Records contained in a dataset:
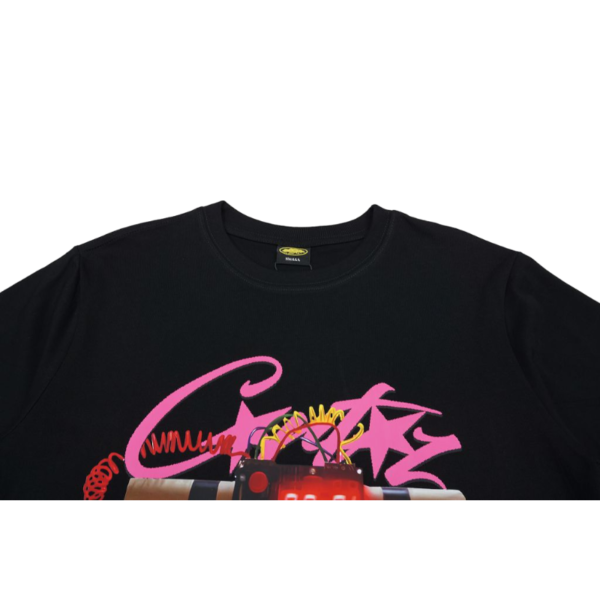 Black Corteiz No Time For Luv T-Shirt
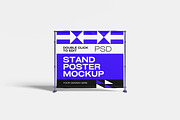 Stand Banner Mockup, an Advertising Mockup by Hazzpro_Std (Thumbnail 2 of 5)
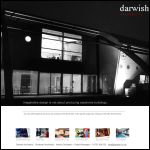 Screen shot of the Darwish Architects website.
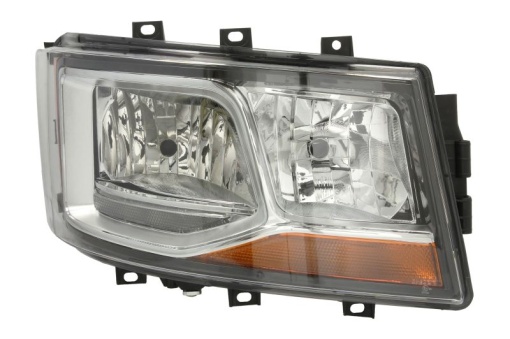 Far dreapta (2*H7/H21W/LED, manual, cu lumina de zi, culoare insert: crom platinat) potrivit SCANIA G II, L, P II, R II, S 06.17-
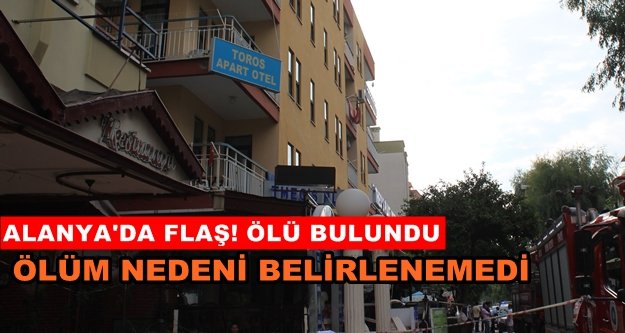 Otel odasında ölü bulundu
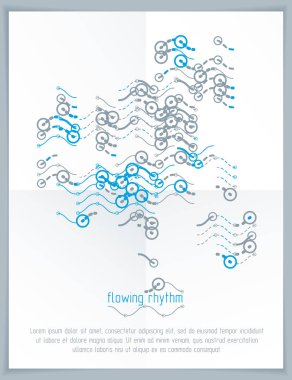 soyut dalgalı çizgi deseni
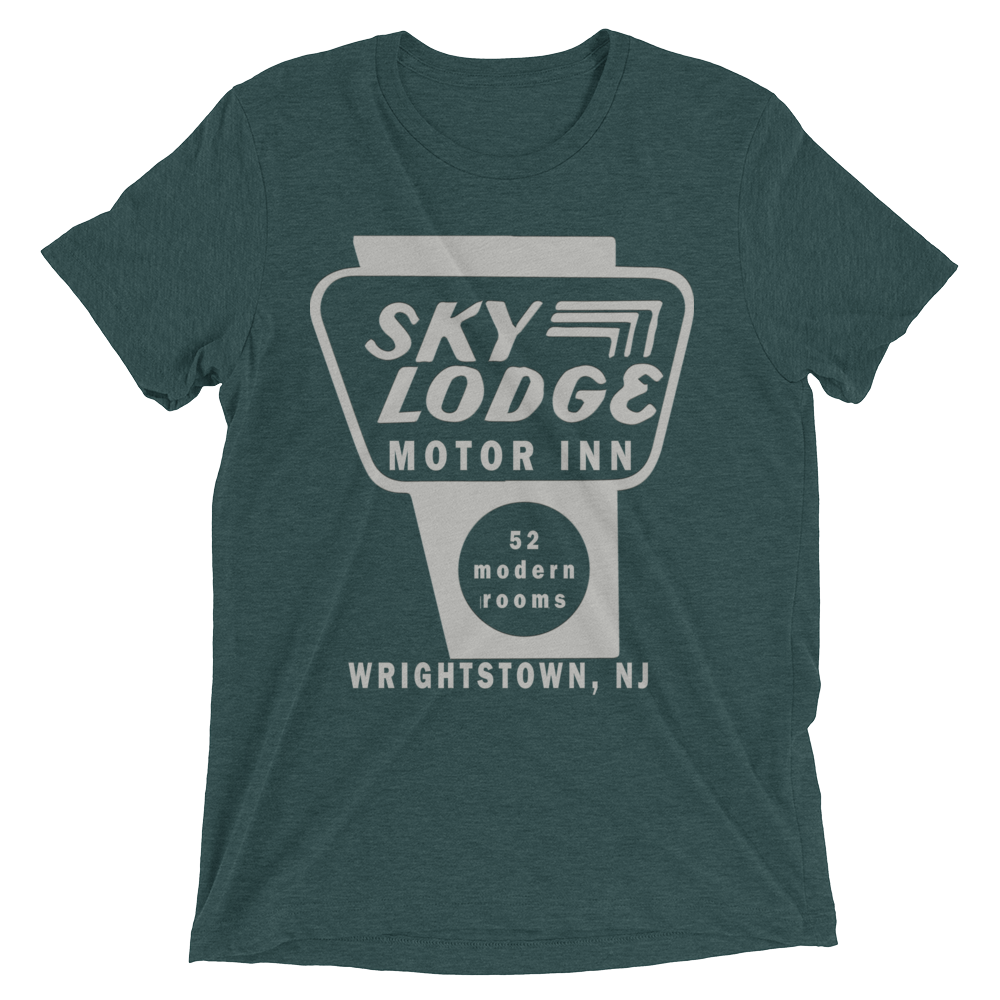 Sky Lodge Motor Inn - WRIGHTSTOWN - Short sleeve t-shirt Emerald Triblend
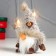 Interior doll "Santa Claus in a knitted cap with fur" 16x9x7 cm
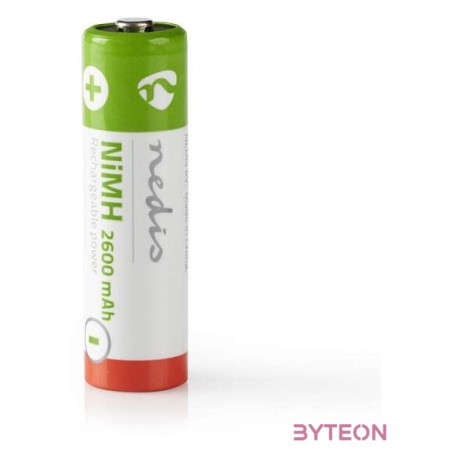Nedis AA 2600 mAh NiMH újratölthető elem (4db , Buborékfólia)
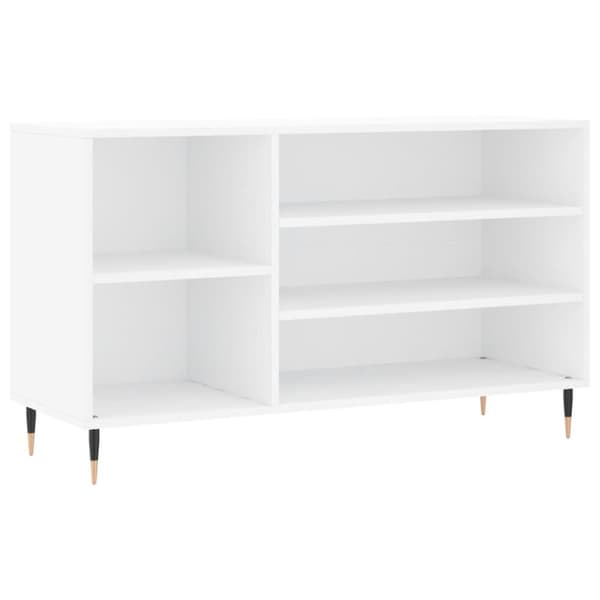 skoreol 102x36x60 cm konstrueret træ hvid højglans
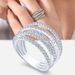 Cao Shi's Hip-hop Style Universal Ring , Geometric Lines Wrapped Ring, Irregular Multi-layer Bracelet For Women_ipsvogv.com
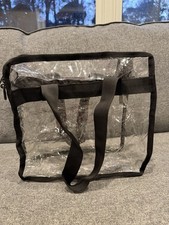 BeeGreen Clear Stadium Bags with Front Pocket, 12  x12  , NO SHOULDER STRAP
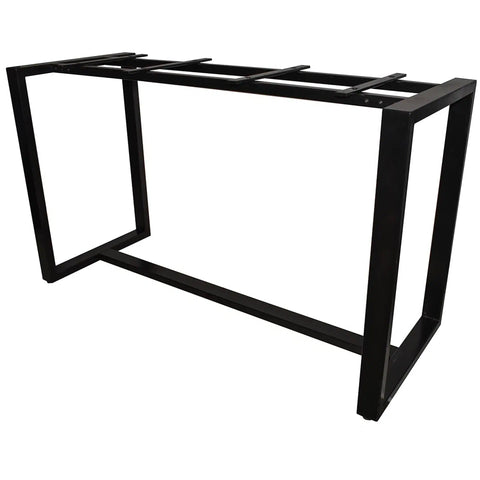 Citadel Bar Base In Black 180X70, Viewed From Front Angle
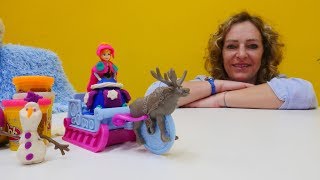 PlayDoh Knetspaß  Frozen Anna und Elsa  Spielzeugvideo für Kinder [upl. by Araik]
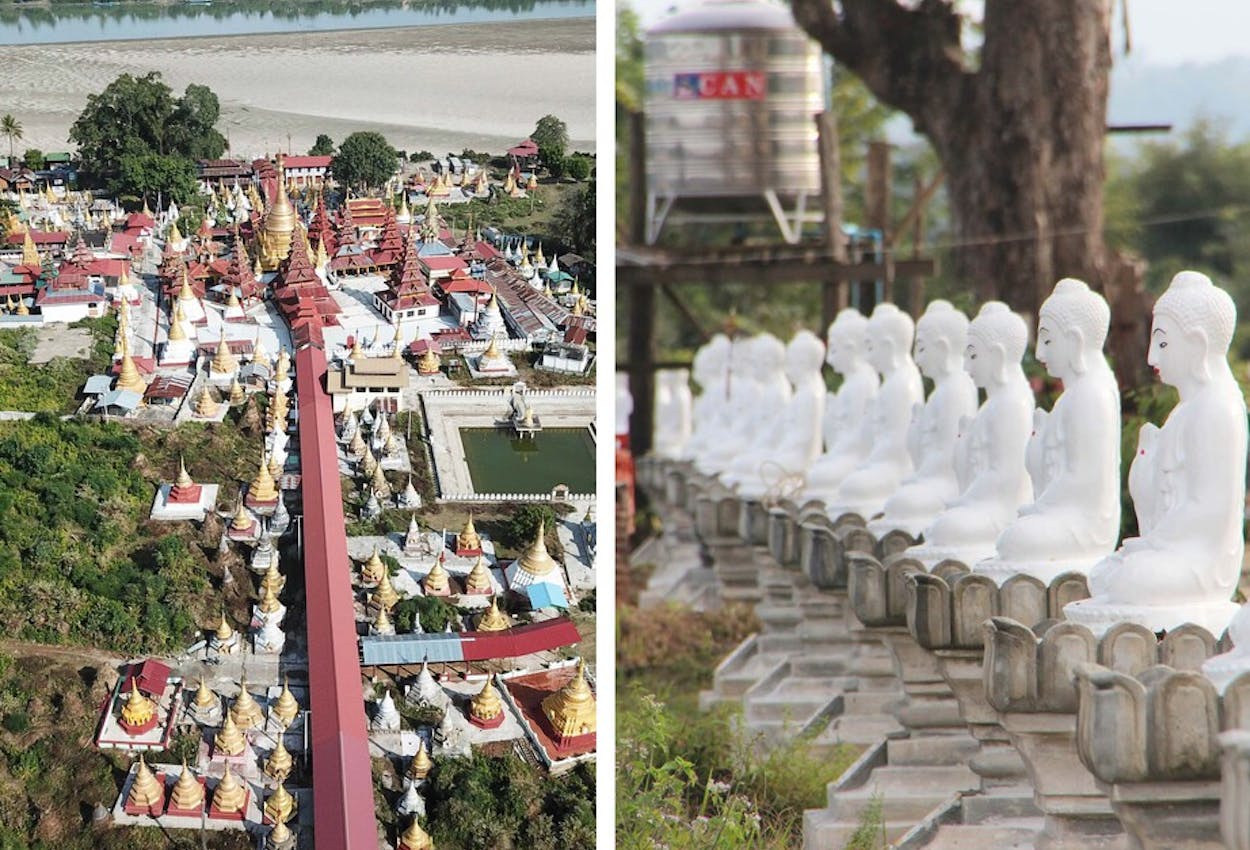 Die Pilgerstätte auf der Insel Kyun Daw

 

 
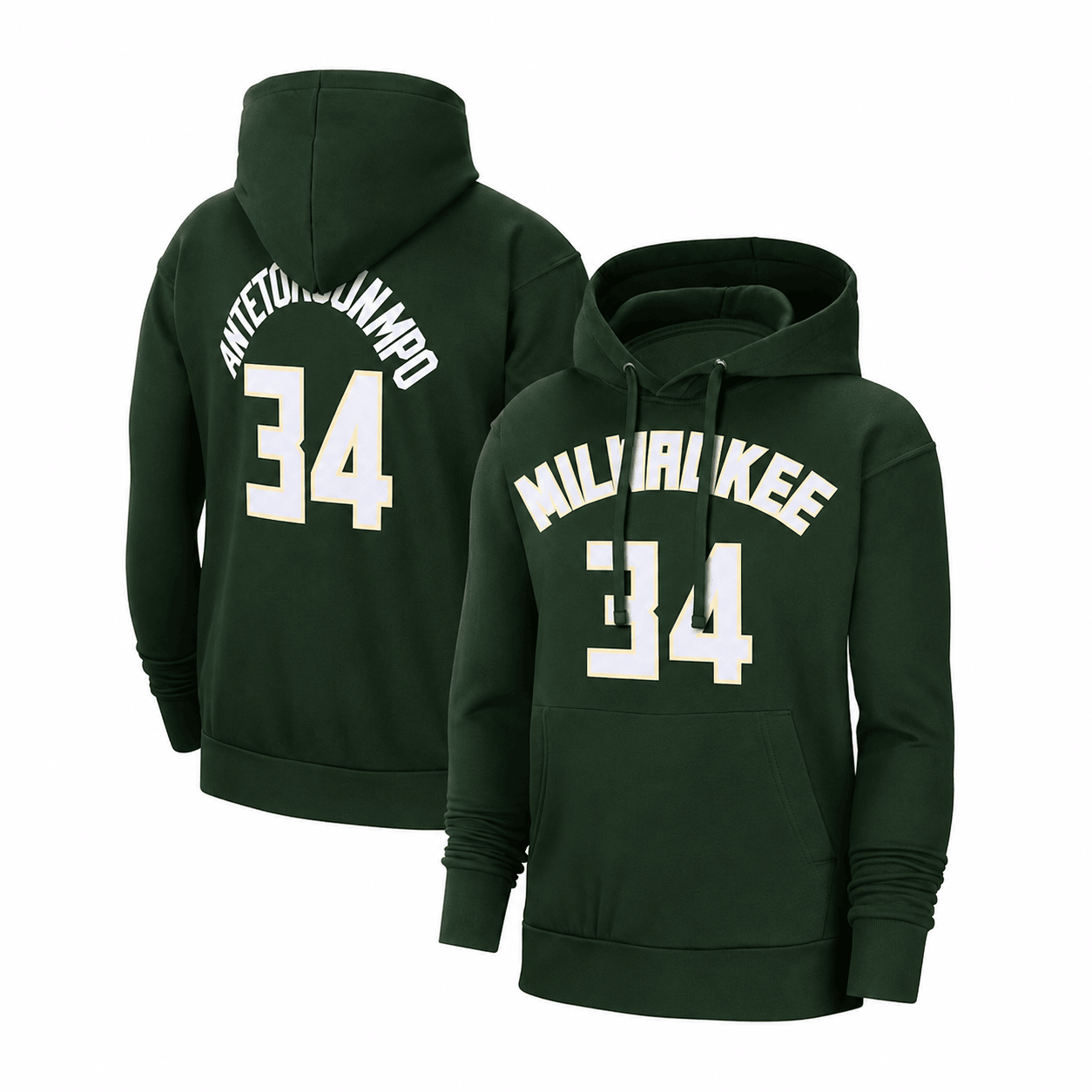 Giannis Antetokounmpo Merch 2026 Milwaukee Bucks #34 Giannis Antetokounmpo Hoodie Fan Gifts - Merchluma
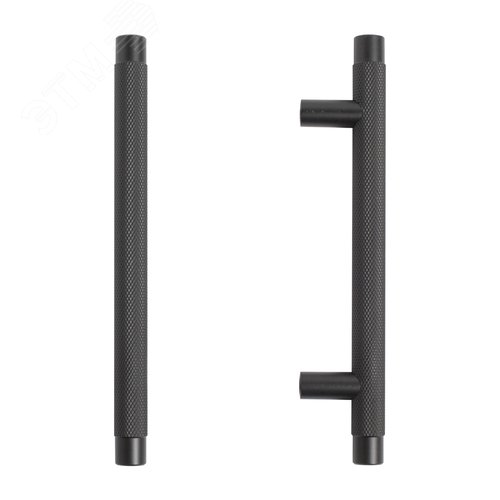 Ручка-скоба мебельная StahlBuro AP2308-96 2шт., BL матовый черный - фото 5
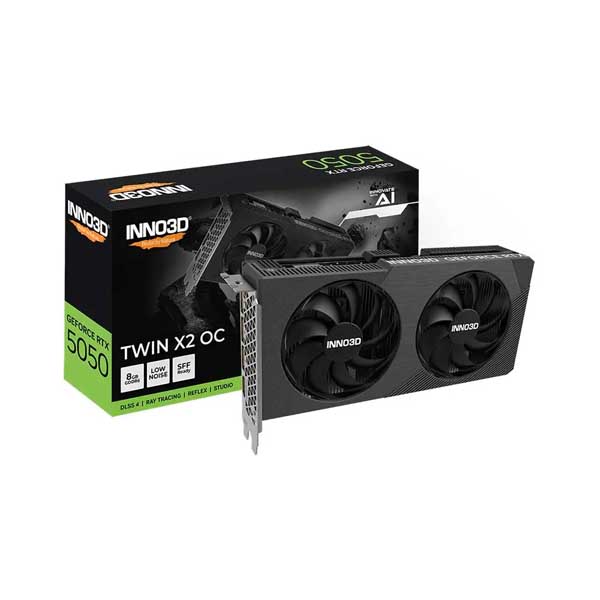 INNO3D RTX 5050 Twin X2 OC 8GB GDDR6 Dual Fan Graphics Card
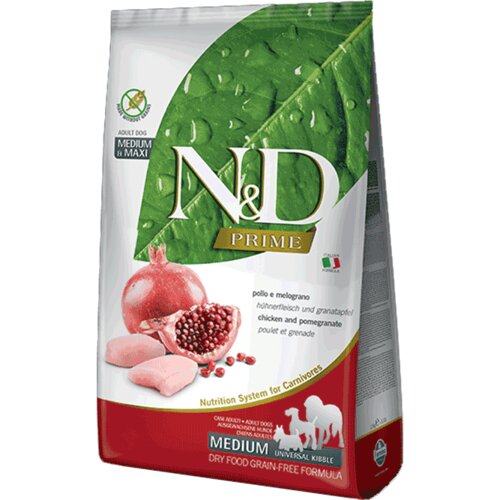 N&amp;amp;d Prime Hrana za pse Medium/Maxi Adult, Piletina i Nar Slike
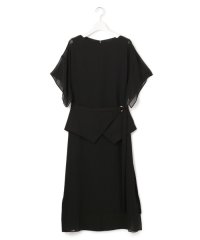 NIJYUSANKU（LARGE SIZE）/【APPLAUDIR】シフォンジョーゼット コンビドレス/508415761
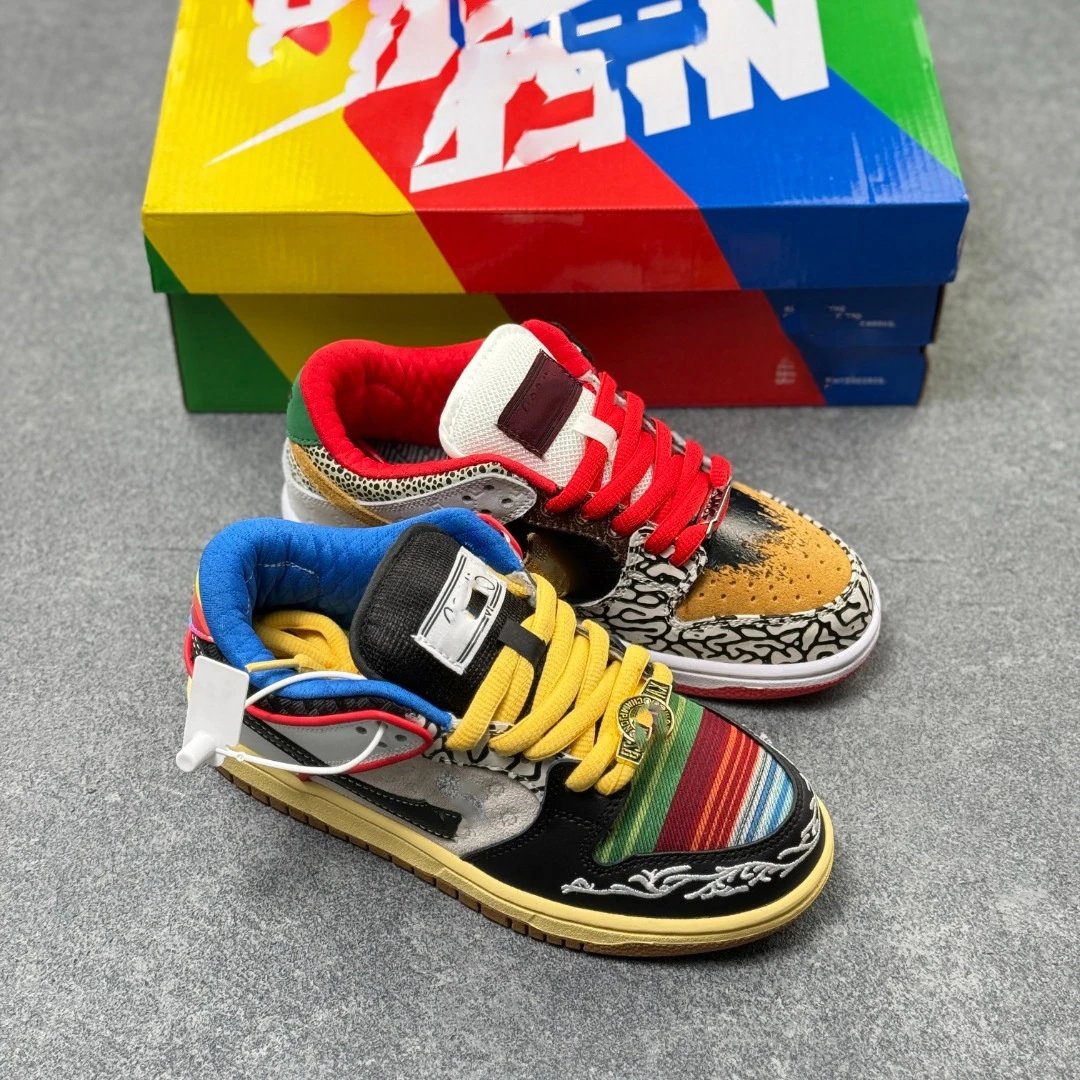 Graffiti Colorblock SB Casual Sneaker photo 2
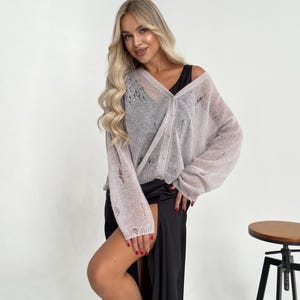 Lightweight Alpaca Knit Cardigan Urban Fall Spring Fashion DDP Shipping USA – Final Price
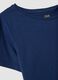 Blue pure cotton short-sleeve T-shirt_5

## Description of the task
Beginning with the line that contains "NIJYUSANKU（LARGE SIZE）/【APPLAUDIR】シフォンジョーゼット コンビドレス/508415761", write out every line through the last one in the records, exactly and without pictures.

## Written answer
 NIJYUSANKU（LARGE SIZE）/【APPLAUDIR】シフォンジョーゼット コンビドレス/508415761
 Graffiti Colorblock SB Casual Sneaker photo 2
 Lightweight Alpaca Knit Cardigan Urban Fall Spring Fashion DDP Shipping USA – Final Price
 Blue pure cotton short-sleeve T-shirt_5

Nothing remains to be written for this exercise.